SPIN selling adaptado para farma
Vendas Consultivas Myralis
Vídeo com o gerente comercial Carlos Eduardo demonstrando, em uma visita médica real simulada, como o SPIN selling se adapta ao contexto farmacêutico brasileiro. SPIN é uma metodologia clássica de venda consultiva, Situação, Problema, Implicação, Necessidade, mas o uso na visita médica tem regras próprias por causa do código regulatório.
Por que SPIN e não venda tradicional
Venda farmacêutica não é convencer o cliente a comprar. É ajudar o médico a ver onde o produto resolve um problema clínico real. Se o médico vê, ele prescreve. Se você empurra, ele desconfia. A diferença é técnica e ética.
As 4 etapas
- Situação: você entende a rotina do médico, tipo de paciente que ele atende, queixas mais comuns, conduta atual. Faz perguntas abertas: 'qual perfil de paciente você atende em maior volume?', 'quando vem queixa de cansaço inexplicado, qual seu primeiro passo?'. Tempo: 5-7 minutos da visita. Esse é o passo que mais se pula e o que mais protege a venda.

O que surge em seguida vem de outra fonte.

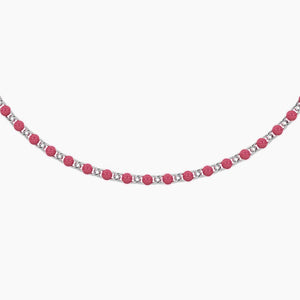 Cavigliera componibile in acciaio rosa Kidult 732390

- Problema: você ajuda o médico a articular onde a conduta atual deixa a desejar, não criticando, observando. 'Você tem visto retorno nesses pacientes em quanto tempo?', 'já aconteceu de paciente parar o tratamento por causa do gosto/tamanho/preço?'. Aqui você descobre dores reais (subdiagnóstico, baixa adesão, recidiva).
- Implicação: você ajuda o médico a enxergar o custo dessas dores. Custo clínico (paciente que não adere acaba voltando pior), custo de tempo (médico precisa retornar caso), custo de relacionamento (paciente frustrado vai pra outro consultório). Implicação é onde a venda vira útil: o médico para de ver 'mais um produto' e começa a ver 'algo que resolve o que me incomoda'.

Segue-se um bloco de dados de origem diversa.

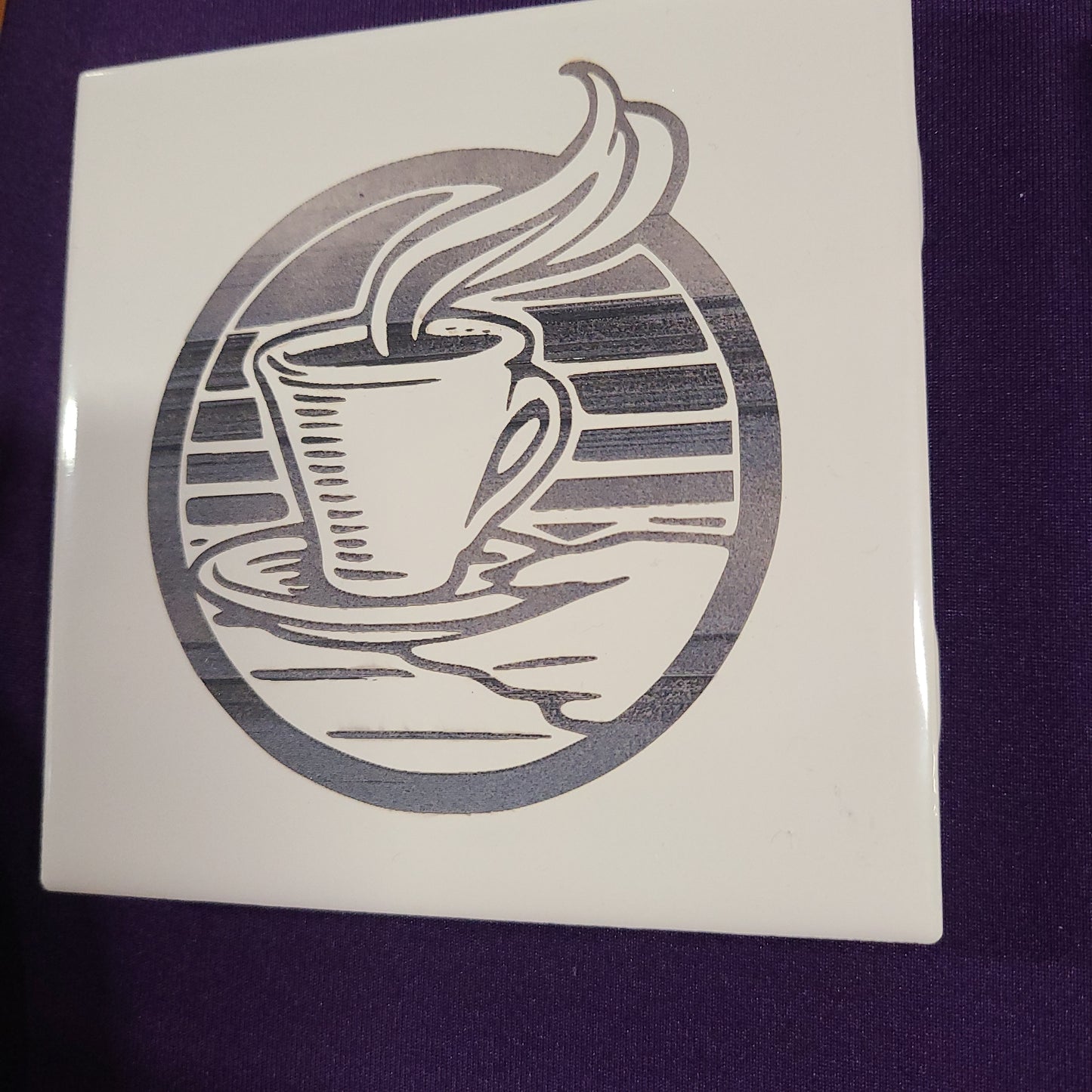 White Tile Lasered Coasters - Many Other Uses - Great Gifts for Anyone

- Necessidade: você apresenta a solução com base em evidência. Estudo X, perfil Y de paciente, benefício Z. Sempre com material aprovado em mãos. Nunca com promessa.
O que NÃO fazer (regulatório)
A versão regulatoriamente segura do SPIN exige:
- Sem promessa de cura. 'Resolve em todos os casos' é proibido. 'Mostra benefício em X% dos pacientes em estudo controlado' é OK.
- Sem comparação não-fundamentada. 'É melhor que o concorrente X' só pode se baseado em estudo head-to-head publicado e aprovado pra uso promocional. Caso contrário, fica nos diferenciais técnicos sem citar marca.
- Sem promoção fora de bula. Indicação não-aprovada nem comentar. Mesmo se o médico perguntar.
- Sem amostra como moeda. Amostra é pra avaliação clínica, não pra 'fechar a relação'.
O treinamento prático
O vídeo termina com três cenários de visita reais (anonimizados) onde o propagandista aplica SPIN. Vale ver duas vezes, o ritmo das perguntas, o silêncio entre uma resposta e a próxima pergunta, e como o material aprovado entra só na etapa Necessidade.
Métrica de sucesso
Venda SPIN bem feita tem indicador claro: o médico verbaliza, ainda na visita, qual paciente da semana ele consideraria iniciar com o produto. Se você sai sem isso, a venda não fechou. Marca pra follow-up em 7-14 dias trazendo dado novo.